FTP Security Servers
The options listed here are extra configurable options that apply to the FTP Security Server built into Firewall-1. By default, these options will not affect any traffic unless you have already configured your FTP rules to use an FTP resource, as shown in Figure 11.16. If you want the FTP Security Server to be invoked for every FTP connection that flows through your firewall, you have the option of changing the behavior in this section. If you have large amounts of traffic flowing through your enforcement points, this option may cause performance problems on your gateways.
Figure 11.16 FTP Security Server Settings
Selecting Configurations apply to all connections will make the firewall call the security server for every FTP connection on port 21, no matter which direction the traffic flows. This setting works exactly the same for HTTP and SMTP security servers. If you have a high throughput through your gateway, the additional overhead could cause some performance problems. Also, when this option is selected, it will not apply to FTP traffic on nonstandard ports, even if the service is configured with a protocol type of FTP (under advanced configuration for a service).

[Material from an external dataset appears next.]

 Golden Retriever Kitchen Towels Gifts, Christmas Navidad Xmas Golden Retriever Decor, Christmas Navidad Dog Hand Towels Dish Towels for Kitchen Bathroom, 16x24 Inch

To better illustrate how rules with FTP, HTTP, or SMTP resources are used, Figure 11.17 shows two rules that use HTTP resources. Please note the SERVICE column for rules 30 and 42 to see an HTTP rule which uses an HTTP resource (Security Server) to apply additional restrictions to particular traffic flows.To view or define new resources, you can go to Manage | Resources in the main menu.

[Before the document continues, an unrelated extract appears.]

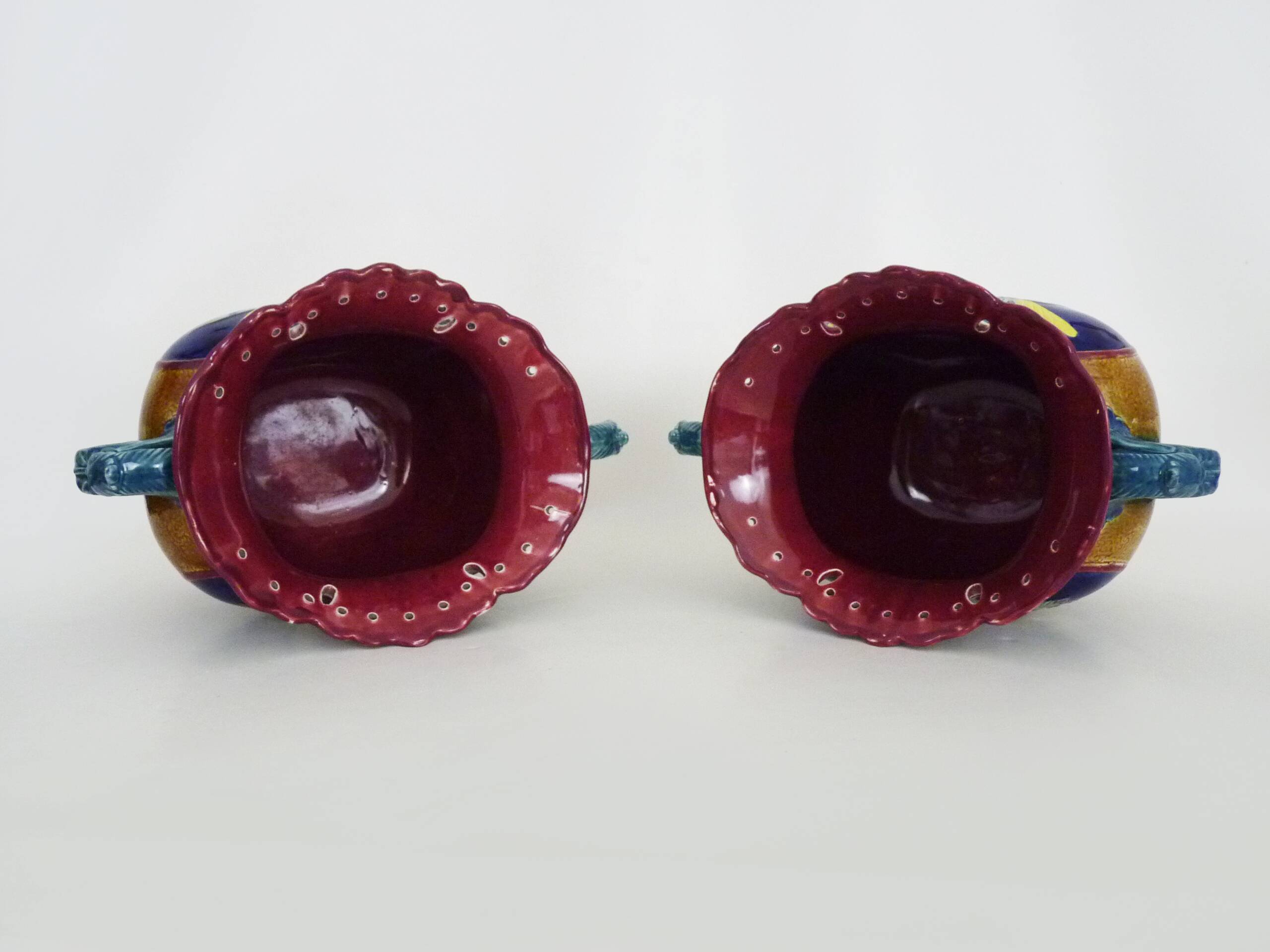 Pair of antique Art Nouveau dragon slip planters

For those FTP connections that do go through the Check Point Security Server (whether you have configured it for all FTP, or only FTP resources), you have the ability to choose individual commands that you want to allow. By selecting the Allowed FTP Commands menu, you will see two lists in the configuration area of the SmartDefense window.This list on the left displays all the commands that are allowed; the list on the right is all the commands that will be blocked. By default all commands are enabled, but you can easily disallow the use of a command by highlighting it in the allowed list and clicking Add. If you decide later that you want to move a command back into the accepted list, just highlight the command and click Remove.
Figure 11.17 Rules with Resources
The Allowed FTP Commands configuration is shown in Figure 11.18. Please keep in mind that this figure represents random commands moved into the blocked category and does not reflect an appropriate way to protect your FTP server.
Figure 11.18 Allowed FTP Commands
Two other additional measure are automatically enabled when using the FTP Security Server.These two options are called Prevent Known Ports Checking and Prevent Port Overflow Checking.The known ports check is in place to prevent an FTP PORT connection from requesting a connection to a known port (for example, port 80 for HTTP). If you would like to disable this feature and allow data transfers to be sent to a well-known port, place a check mark in the box.
The other feature, called port overflow checking, keeps track of the PORT commands that have been issued and will drop multiple PORT requests to the same destination port. Again, this feature can be disabled by placing a check mark in the box labeled Prevent Port Overflow Checking.